Do you know for a fact that the hive is not africanize at all? It seems to me this could be asking for issues in NY . . .possibly not just in your hives


----------



## justgojumpit (Apr 9, 2004)

I plan to return to NY around the middle of March. As for the africanized question, the bees do not seem very hot at all. I've spent a good bit of time near the entrance to the hive, and the bees did not bother me at all. In any case, after spending a bit more tie working with the bees, I'm sure to find out just how hot they are  If they seem overy aggressive, I will definitely requeen from my own stock in the spring when I return to NY. I would make the colony queenless, and then take a queen from one of my other hives and let that hive raise a new queen.
justgojumpit


----------



## Steve10 (Nov 19, 2008)

Sounds like a plan and at least you have a little time to work with. Be really tough making the move now with our sub-freezing temps up here. Any luck on a box to capture the girls in?


----------



## justgojumpit (Apr 9, 2004)

I've been reconsidering wether I want the bees or not... we don't have small hive beetle in NY! I don't know if these bees have small hive beetles or not, and I don't think I could find out until I was halfway through a removal. Don't really want to destroy their home only to find out that I don't want them! Is there any way to get rid of the small hive beetle?. If they were in NY, I would not hesitate for a second!

justgojumpit


----------



## Tomas (Jun 10, 2005)

*Tranporting tbhs and attaching broken combs*



Steve10 said:


> As far as transporting, I haven't done this yet, but I read somewhere to secure the top bars and turn the hive over on its head! Comb won't break as easily as being right side up and the bees can put up with it for a couple days.


I tried this method of transporting top bar hives this weekend and it worked well. I took some nucs up to my main bee yard on a coffee farm in the mountains. The road is bad—lots of rocks and ruts. It wouldn’t be a nice ride if you have a bad back. Some of the nucs got installed right away into boxes and I didn’t see any comb breakage at all.

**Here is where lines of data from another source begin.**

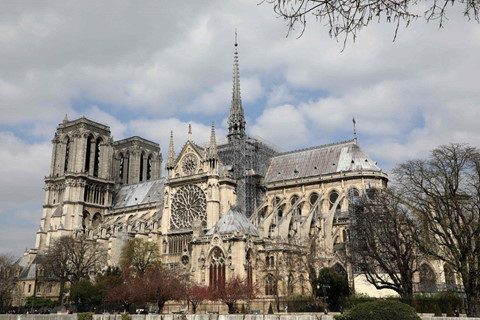 Tác phẩm “Nhà thờ Đức Bà Paris” là của ai?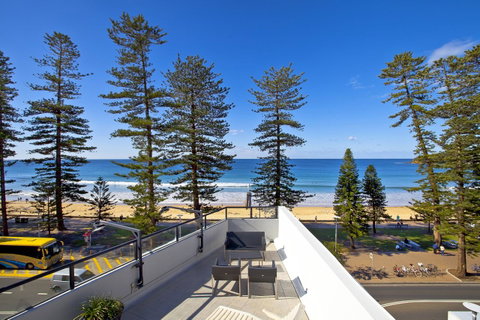 Manly Paradise Motel & Apartments - ACT Tourism 19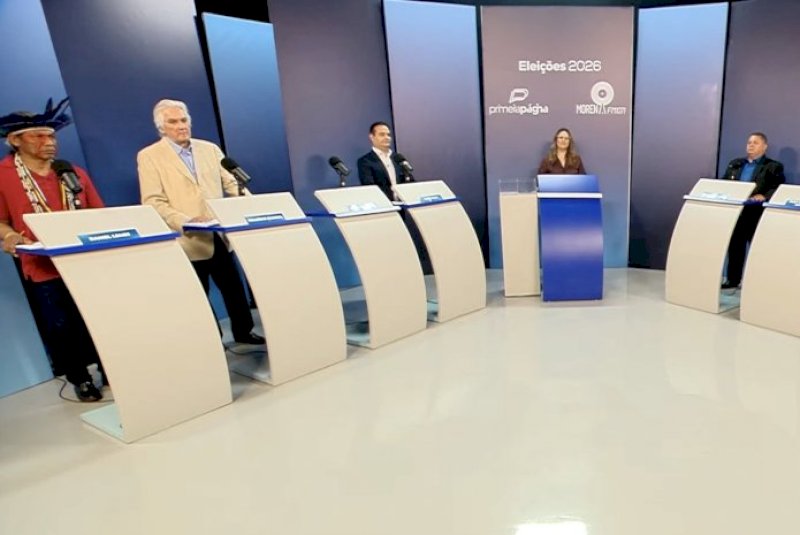 Primeiro debate tem clima amistoso entre concorrentes e foco em ex-governador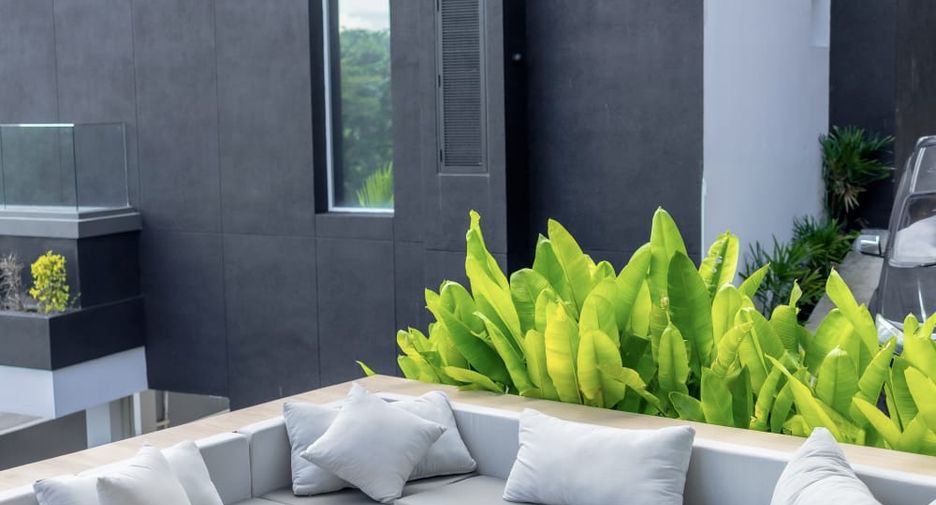 Villa en alquiler y en venta de 4 habitaciones en Thalang, Phuket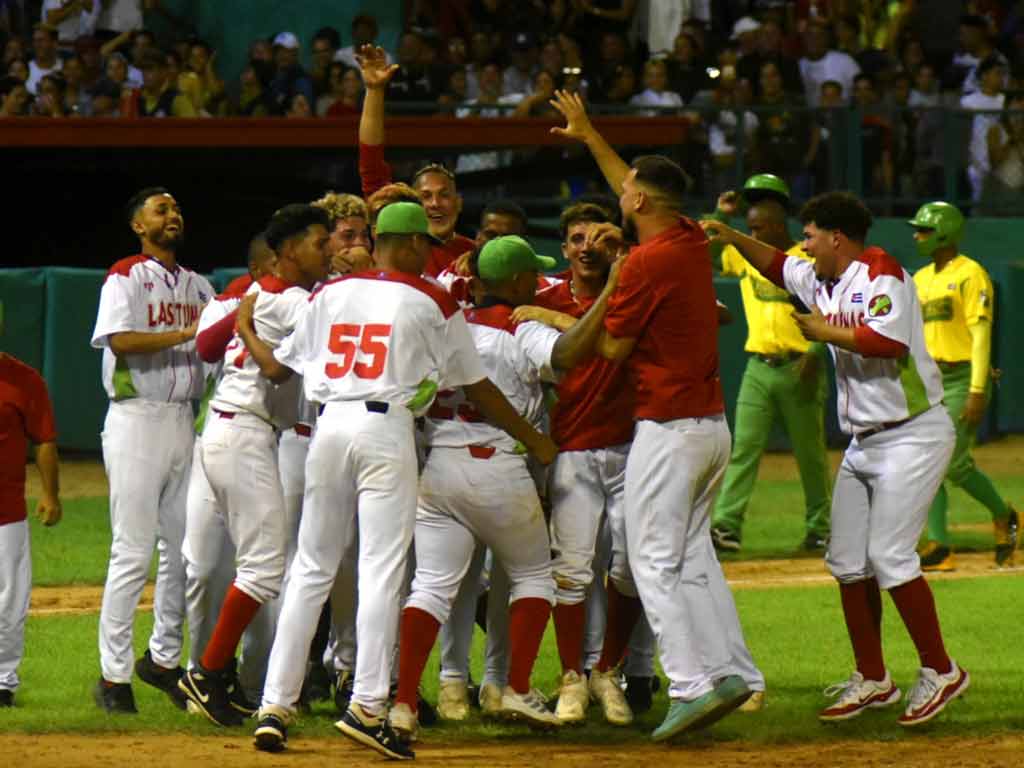 lenadores-a-un-triunfo-de-repetir-corona-en-beisbol-cubano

When we first made them, however, it was another story. We used some of the hives up there to make the nucs. I didn’t want to leave them up there for the queen to mate since we can get spells this time of the year where it’s cloudy, cold and drizzly for a week or more at a time. Not ideal mating weather for queens. So we brought them down to the valley were weather is normally a lot more mild during these spells. We took them down upright and each one had two or three combs that broke off and fell.

But at least this gave me the opportunity to try a new method for attaching a broken comb to a top bar. I cut some strips of aluminium (such as from a pop can) about an inch wide. Two of these were poked through the top portion of the comb, folded over the top bar and stapled to it. It held the comb securely up against the bar. The wider strip seems to give better support to the comb. I had problems “sewing” the comb to the top bar with frame wire or string because it would sometimes cut into the comb, especially if there was a bit more weight to it. And it was easy to use the aluminium strips with my gloves on (Africanized bees so I wouldn’t dare take them off). Once the comb is glued back on by the bees, I’ll probably remove the strips.

http://i155.photobucket.com/albums/s313/Tomas_fotos/Attachingbrokencomb.jpg


Thanks for the transportation hint Steve.

----------
Tom


----------



## Steve10 (Nov 19, 2008)

Tom,

I'm really tickled it worked for you (being I haven't used that trick myself yet!) Now, I just wish I could find where I read it so I could give credit where credit is due.

Thanks for the aluminum can trick! Yet another gem to put in our bag of tricks!


----------



## samak (Sep 15, 2006)

That aluminum can thing is excellent! Thanks. I always had a hard time attaching broken combs.


----------